Fucking bastards the lot of you.
***
The phone rang when I was in the middle of bathing Pat. I left him in the tub—he could happily stay in there for hours, he was like a little fish—and went down the hall, picking up the pho
ne with wet hands, expecting my mom. But there was a little transcontinental blip as the connection was made and suddenly Gina was in my ear.
“It’s me,” she said.
I looked at my watch—it was only twenty to four. She was early today.
“He’s in the bath.”
“Leave him. I’ll call back at the usual time. I just thought he might be around. How is he?”
“Fine,” I said. “Fine, fine, fine. You’re still there, are you?”
“Yes. I’m still here.”
“How’s it going?”
I could hear her taking a breath. Gina taking a breath on the other side of the world.
“It’s a lot harder than I thought it would be,” she said. “The economy is all screwed up. I mean, really screwed up. My company’s laying off locals so there’s not much job security for a gaijin whose Japanese is a bit rustier than she thought. But the work’s okay. Nothing I can’t handle. The people are kind. It’s everything else. Especially living in a place about the size of our kitchen.” She took another breath. “It’s not easy for me, Harry. Don’t think I’m having the time of my life.”
“So when are you coming home?”
“Who said I was coming home?”
“Come on, Gina. Forget all that stuff about finding yourself. This is all about punishing me.”
“Sometimes I wonder if I did the right thing coming out here. But a few words from you and suddenly I know I did.”
“So you’re staying out there, are you? In your flat the size of our kitchen?”
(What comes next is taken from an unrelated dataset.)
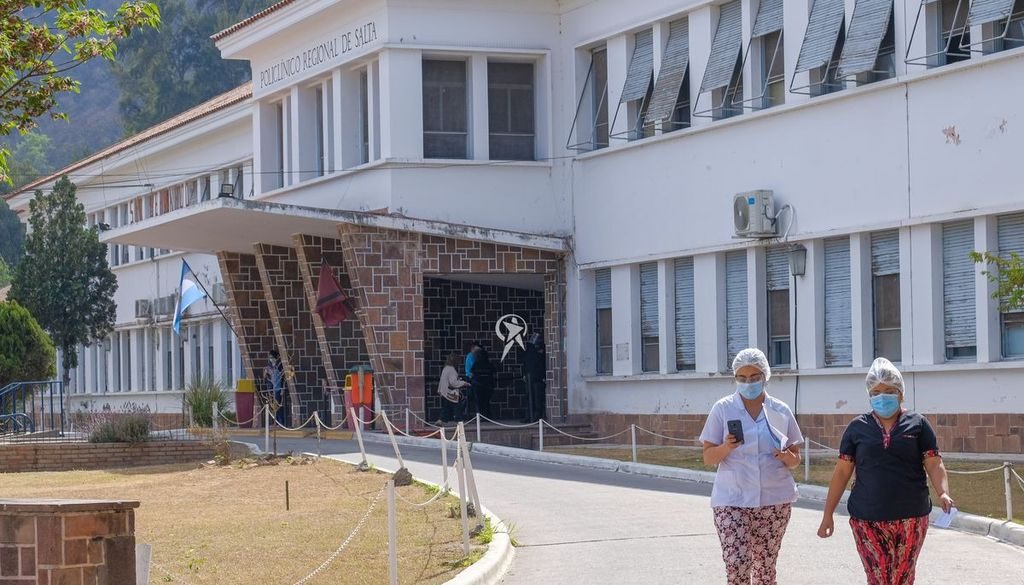 Ampliación y refuncionalización del hospital San Bernardo: se publicó el llamado a licitación pública internacional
“I’ll be back. But just to collect Pat. To bring him out here. I really want to make a go of it, Harry. I hope you can understand.”
“You’re kidding, Gina. Pat out there? I can’t even get him to eat beans on toast. I can just see him tucking into a plate of sprats on rice. And where’s he going to live? In your flat the size of our kitchen?”
“Christ, I wish I’d never mentioned the size of the bloody flat. I just can’t talk to you anymore.”
“Pat stays with me, okay?”
“For now,” she said. “That’s what we agreed.”